Possible mechanisms underlying the observed associations. Given the cross-sectional design of our study, it is not possible to determine if prolonged QRS duration preceded or followed the increased LV dimensions. We postulate three possible mechanisms to explain our findings. First, it is possible that increased QRS duration and higher LV mass and measurements both may be the result of another disease process, such as hypertension or MI. We do not think this is the case because we excluded individuals with prior MI and adjusted for blood pressure. Second, prolongation of QRS may be the result of LV dilation, with concomitant increases in conduction time of the cardiac impulse (4); LV dilation and fibrosis have been reported to reduce conduction velocity due to alterations in the intracellular T-tubular system. Third, it is possible that the prolongation of the QRS complex is a marker of dyssynchronous LV contraction. Such noncoordinated mechanical contraction of the ventricle results in a redistribution of mechanical load and differential hypertrophy of the late-activated segments (6). Prolongation of the QRS complex may result in a lower ejection fraction also because opposing walls do not contract synchronously (14).
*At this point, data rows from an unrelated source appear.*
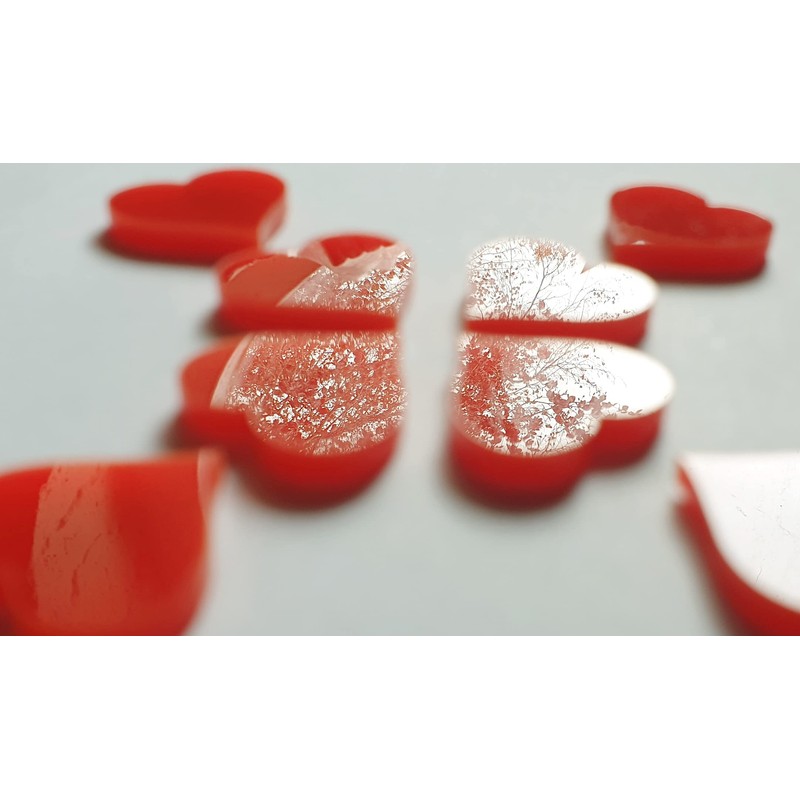 8 Pcs Small Red Acrylic Love Heart Fridge Magnets |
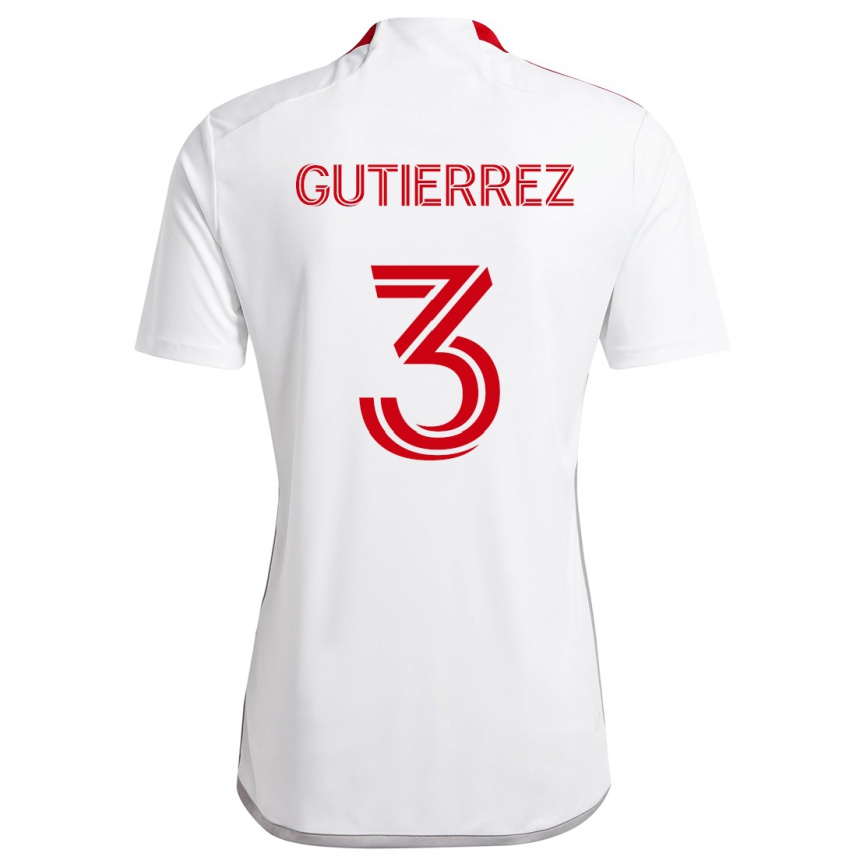 Kids Football Cristián Gutiérrez #3 White Red Away Jersey 2024/25 T-Shirt Uk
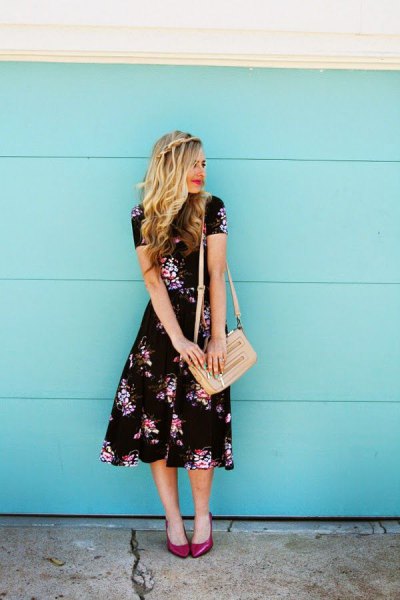 midi floral dress pale pink handbag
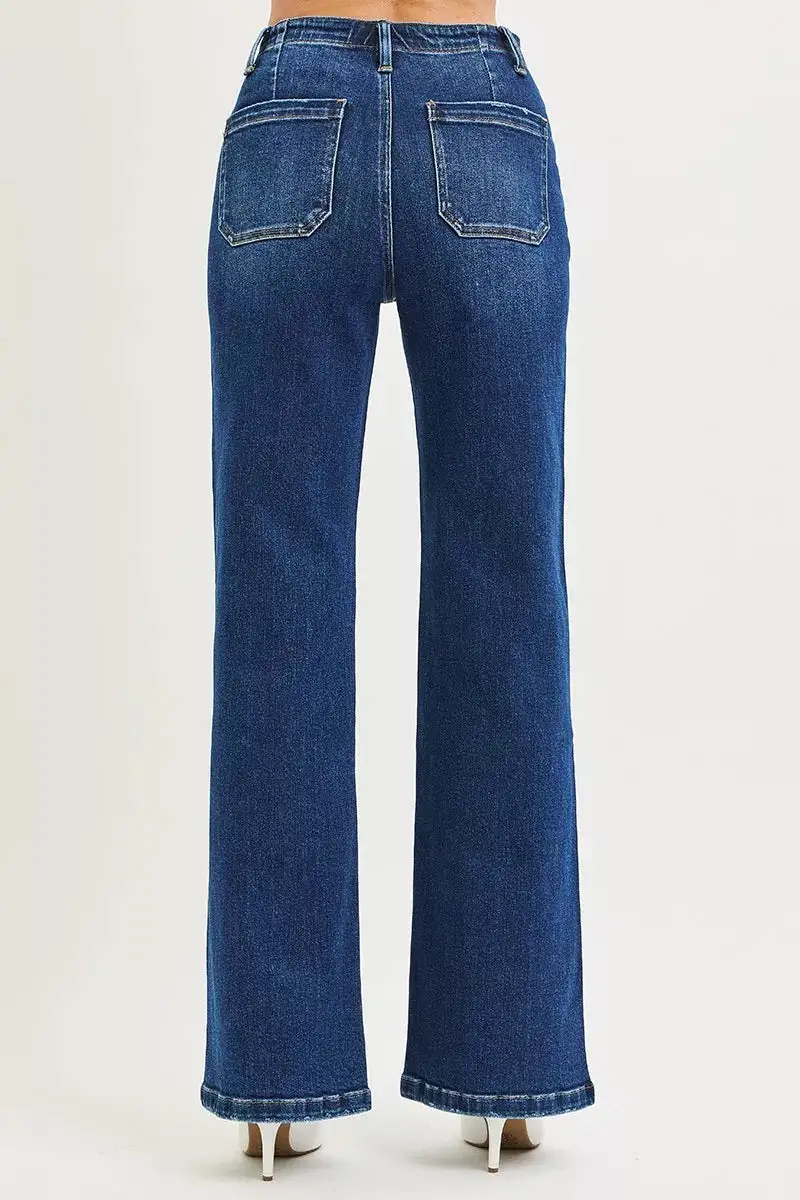 High Rise Front Tie Wide Leg Jeans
In our study we did not observe asymmetric hypertrophy of wall thickness (septum vs. PW) in individuals with BBB, which may make dyssynchrony a less likely explanation for the observed associations.
It is important to note that the QRS duration is a crude marker of inter- and intraventricular synchrony. Mechanical dyssynchrony has been reported in individuals with QRS duration <120 ms (15). The true effect of ventricular dyssynchrony on LV remodeling would require more sensitive and specific indicators of dyssynchrony (such as tissue Doppler imaging) and the demonstration of a temporal sequence between presence of dyssynchrony and the development of alterations in LV structure and function via well-designed prospective studies.
Study limitations. Limitations of our investigation include the single occasion assessment of QRS duration and the limited power to analyze relations of BBB type to LV measurements. The predominantly Caucasian sample limits the generalizability of our results.
Conclusions. In our large cross-sectional community-based study of individuals free of prior HF and MI, we observed a positive association between electrocardiographic QRS duration and LV mass, dimensions and wall thickness, and an inverse relation to systolic function. Additional investigations are warranted to confirm our findings.